#### What this task involves
Every line of the material must come back exactly as given.

#### Data shown
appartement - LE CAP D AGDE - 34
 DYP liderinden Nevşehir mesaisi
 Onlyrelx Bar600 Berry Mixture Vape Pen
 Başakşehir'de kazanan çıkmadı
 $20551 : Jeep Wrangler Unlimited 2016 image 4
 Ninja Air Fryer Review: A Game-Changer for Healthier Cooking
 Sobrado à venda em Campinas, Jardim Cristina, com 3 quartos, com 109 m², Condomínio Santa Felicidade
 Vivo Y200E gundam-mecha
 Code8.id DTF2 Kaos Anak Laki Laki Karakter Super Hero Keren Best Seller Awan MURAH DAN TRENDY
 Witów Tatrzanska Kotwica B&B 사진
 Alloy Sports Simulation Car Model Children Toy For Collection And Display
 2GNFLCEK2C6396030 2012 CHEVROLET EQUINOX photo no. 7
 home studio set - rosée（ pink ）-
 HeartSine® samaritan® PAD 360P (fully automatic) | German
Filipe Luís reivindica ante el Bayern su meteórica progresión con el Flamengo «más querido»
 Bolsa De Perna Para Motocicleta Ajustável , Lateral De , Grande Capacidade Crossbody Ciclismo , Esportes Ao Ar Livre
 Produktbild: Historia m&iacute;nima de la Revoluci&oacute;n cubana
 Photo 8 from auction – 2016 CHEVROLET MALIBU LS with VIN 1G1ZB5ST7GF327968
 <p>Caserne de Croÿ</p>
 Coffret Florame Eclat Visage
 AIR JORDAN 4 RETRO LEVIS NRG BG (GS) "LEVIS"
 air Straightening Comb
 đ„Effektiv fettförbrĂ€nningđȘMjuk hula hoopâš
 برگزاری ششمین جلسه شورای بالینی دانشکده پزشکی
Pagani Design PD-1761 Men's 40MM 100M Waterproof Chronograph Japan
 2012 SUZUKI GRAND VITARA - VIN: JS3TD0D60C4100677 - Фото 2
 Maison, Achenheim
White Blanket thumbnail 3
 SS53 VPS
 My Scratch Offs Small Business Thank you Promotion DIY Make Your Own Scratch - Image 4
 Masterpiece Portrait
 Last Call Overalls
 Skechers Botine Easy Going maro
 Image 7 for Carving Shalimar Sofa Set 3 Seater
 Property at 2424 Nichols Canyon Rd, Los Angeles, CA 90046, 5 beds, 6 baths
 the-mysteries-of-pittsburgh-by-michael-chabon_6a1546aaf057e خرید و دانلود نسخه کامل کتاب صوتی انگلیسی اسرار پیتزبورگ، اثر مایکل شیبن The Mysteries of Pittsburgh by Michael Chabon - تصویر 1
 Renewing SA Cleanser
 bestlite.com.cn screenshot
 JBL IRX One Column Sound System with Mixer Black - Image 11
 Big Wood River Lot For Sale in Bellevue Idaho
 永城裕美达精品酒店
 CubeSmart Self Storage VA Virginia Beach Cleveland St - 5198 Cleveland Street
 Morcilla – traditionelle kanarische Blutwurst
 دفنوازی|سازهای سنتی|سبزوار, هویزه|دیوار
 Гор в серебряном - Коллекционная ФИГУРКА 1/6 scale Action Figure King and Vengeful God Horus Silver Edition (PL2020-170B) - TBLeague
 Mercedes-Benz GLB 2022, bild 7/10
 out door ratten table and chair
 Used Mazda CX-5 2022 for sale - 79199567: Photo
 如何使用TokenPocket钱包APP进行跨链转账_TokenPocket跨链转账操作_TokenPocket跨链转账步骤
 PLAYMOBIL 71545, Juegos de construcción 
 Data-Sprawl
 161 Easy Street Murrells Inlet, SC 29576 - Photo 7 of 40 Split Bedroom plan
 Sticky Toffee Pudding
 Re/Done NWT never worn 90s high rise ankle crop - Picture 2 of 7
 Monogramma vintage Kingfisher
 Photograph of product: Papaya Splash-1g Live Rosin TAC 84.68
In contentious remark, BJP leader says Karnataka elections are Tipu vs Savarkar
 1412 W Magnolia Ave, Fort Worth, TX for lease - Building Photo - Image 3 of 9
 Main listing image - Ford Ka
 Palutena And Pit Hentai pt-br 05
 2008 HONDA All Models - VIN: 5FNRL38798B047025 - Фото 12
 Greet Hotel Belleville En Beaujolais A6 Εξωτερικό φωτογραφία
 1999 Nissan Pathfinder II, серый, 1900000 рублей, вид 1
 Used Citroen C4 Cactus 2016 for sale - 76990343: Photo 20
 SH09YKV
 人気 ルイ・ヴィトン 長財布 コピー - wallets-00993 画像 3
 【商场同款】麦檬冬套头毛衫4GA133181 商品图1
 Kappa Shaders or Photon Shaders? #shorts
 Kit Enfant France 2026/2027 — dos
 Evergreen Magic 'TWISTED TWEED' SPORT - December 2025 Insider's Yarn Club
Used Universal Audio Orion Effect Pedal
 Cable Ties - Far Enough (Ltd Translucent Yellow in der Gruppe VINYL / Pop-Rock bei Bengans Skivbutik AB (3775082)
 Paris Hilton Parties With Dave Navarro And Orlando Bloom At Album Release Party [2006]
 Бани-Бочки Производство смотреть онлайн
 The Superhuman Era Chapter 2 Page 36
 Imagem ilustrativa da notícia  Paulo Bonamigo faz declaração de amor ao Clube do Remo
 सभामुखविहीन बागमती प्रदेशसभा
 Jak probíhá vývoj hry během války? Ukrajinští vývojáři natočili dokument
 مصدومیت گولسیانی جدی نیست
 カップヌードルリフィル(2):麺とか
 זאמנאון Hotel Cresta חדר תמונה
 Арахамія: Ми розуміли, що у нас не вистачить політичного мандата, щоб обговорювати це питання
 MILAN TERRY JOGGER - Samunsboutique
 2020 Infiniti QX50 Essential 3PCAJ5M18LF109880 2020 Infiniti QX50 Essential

#### Written answer
appartement - LE CAP D AGDE - 34
 DYP liderinden Nevşehir mesaisi
 Onlyrelx Bar600 Berry Mixture Vape Pen
 Başakşehir'de kazanan çıkmadı
 $20551 : Jeep Wrangler Unlimited 2016 image 4
 Ninja Air Fryer Review: A Game-Changer for Healthier Cooking
 Sobrado à venda em Campinas, Jardim Cristina, com 3 quartos, com 109 m², Condomínio Santa Felicidade
 Vivo Y200E gundam-mecha
 Code8.id DTF2 Kaos Anak Laki Laki Karakter Super Hero Keren Best Seller Awan MURAH DAN TRENDY
 Witów Tatrzanska Kotwica B&B 사진
 Alloy Sports Simulation Car Model Children Toy For Collection And Display
 2GNFLCEK2C6396030 2012 CHEVROLET EQUINOX photo no. 7
 home studio set - rosée（ pink ）-
 HeartSine® samaritan® PAD 360P (fully automatic) | German
Filipe Luís reivindica ante el Bayern su meteórica progresión con el Flamengo «más querido»
 Bolsa De Perna Para Motocicleta Ajustável , Lateral De , Grande Capacidade Crossbody Ciclismo , Esportes Ao Ar Livre
 Produktbild: Historia m&iacute;nima de la Revoluci&oacute;n cubana
 Photo 8 from auction – 2016 CHEVROLET MALIBU LS with VIN 1G1ZB5ST7GF327968
 <p>Caserne de Croÿ</p>
 Coffret Florame Eclat Visage
 AIR JORDAN 4 RETRO LEVIS NRG BG (GS) "LEVIS"
 air Straightening Comb
 đ„Effektiv fettförbrĂ€nningđȘMjuk hula hoopâš
 برگزاری ششمین جلسه شورای بالینی دانشکده پزشکی
Pagani Design PD-1761 Men's 40MM 100M Waterproof Chronograph Japan
 2012 SUZUKI GRAND VITARA - VIN: JS3TD0D60C4100677 - Фото 2
 Maison, Achenheim
White Blanket thumbnail 3
 SS53 VPS
 My Scratch Offs Small Business Thank you Promotion DIY Make Your Own Scratch - Image 4
 Masterpiece Portrait
 Last Call Overalls
 Skechers Botine Easy Going maro
 Image 7 for Carving Shalimar Sofa Set 3 Seater
 Property at 2424 Nichols Canyon Rd, Los Angeles, CA 90046, 5 beds, 6 baths
 the-mysteries-of-pittsburgh-by-michael-chabon_6a1546aaf057e خرید و دانلود نسخه کامل کتاب صوتی انگلیسی اسرار پیتزبورگ، اثر مایکل شیبن The Mysteries of Pittsburgh by Michael Chabon - تصویر 1
 Renewing SA Cleanser
 bestlite.com.cn screenshot
 JBL IRX One Column Sound System with Mixer Black - Image 11
 Big Wood River Lot For Sale in Bellevue Idaho
 永城裕美达精品酒店
 CubeSmart Self Storage VA Virginia Beach Cleveland St - 5198 Cleveland Street
 Morcilla – traditionelle kanarische Blutwurst
 دفنوازی|سازهای سنتی|سبزوار, هویزه|دیوار
 Гор в серебряном - Коллекционная ФИГУРКА 1/6 scale Action Figure King and Vengeful God Horus Silver Edition (PL2020-170B) - TBLeague
 Mercedes-Benz GLB 2022, bild 7/10
 out door ratten table and chair
 Used Mazda CX-5 2022 for sale - 79199567: Photo
 如何使用TokenPocket钱包APP进行跨链转账_TokenPocket跨链转账操作_TokenPocket跨链转账步骤
 PLAYMOBIL 71545, Juegos de construcción 
 Data-Sprawl
 161 Easy Street Murrells Inlet, SC 29576 - Photo 7 of 40 Split Bedroom plan
 Sticky Toffee Pudding
 Re/Done NWT never worn 90s high rise ankle crop - Picture 2 of 7
 Monogramma vintage Kingfisher
 Photograph of product: Papaya Splash-1g Live Rosin TAC 84.68
In contentious remark, BJP leader says Karnataka elections are Tipu vs Savarkar
 1412 W Magnolia Ave, Fort Worth, TX for lease - Building Photo - Image 3 of 9
 Main listing image - Ford Ka
 Palutena And Pit Hentai pt-br 05
 2008 HONDA All Models - VIN: 5FNRL38798B047025 - Фото 12
 Greet Hotel Belleville En Beaujolais A6 Εξωτερικό φωτογραφία
 1999 Nissan Pathfinder II, серый, 1900000 рублей, вид 1
 Used Citroen C4 Cactus 2016 for sale - 76990343: Photo 20
 SH09YKV
 人気 ルイ・ヴィトン 長財布 コピー - wallets-00993 画像 3
 【商场同款】麦檬冬套头毛衫4GA133181 商品图1
 Kappa Shaders or Photon Shaders? #shorts
 Kit Enfant France 2026/2027 — dos
 Evergreen Magic 'TWISTED TWEED' SPORT - December 2025 Insider's Yarn Club
Used Universal Audio Orion Effect Pedal
 Cable Ties - Far Enough (Ltd Translucent Yellow in der Gruppe VINYL / Pop-Rock bei Bengans Skivbutik AB (3775082)
 Paris Hilton Parties With Dave Navarro And Orlando Bloom At Album Release Party [2006]
 Бани-Бочки Производство смотреть онлайн
 The Superhuman Era Chapter 2 Page 36
 Imagem ilustrativa da notícia  Paulo Bonamigo faz declaração de amor ao Clube do Remo
 सभामुखविहीन बागमती प्रदेशसभा
 Jak probíhá vývoj hry během války? Ukrajinští vývojáři natočili dokument
 مصدومیت گولسیانی جدی نیست
 カップヌードルリフィル(2):麺とか
 זאמנאון Hotel Cresta חדר תמונה
 Арахамія: Ми розуміли, що у нас не вистачить політичного мандата, щоб обговорювати це питання
 MILAN TERRY JOGGER - Samunsboutique
 2020 Infiniti QX50 Essential 3PCAJ5M18LF109880 2020 Infiniti QX50 Essential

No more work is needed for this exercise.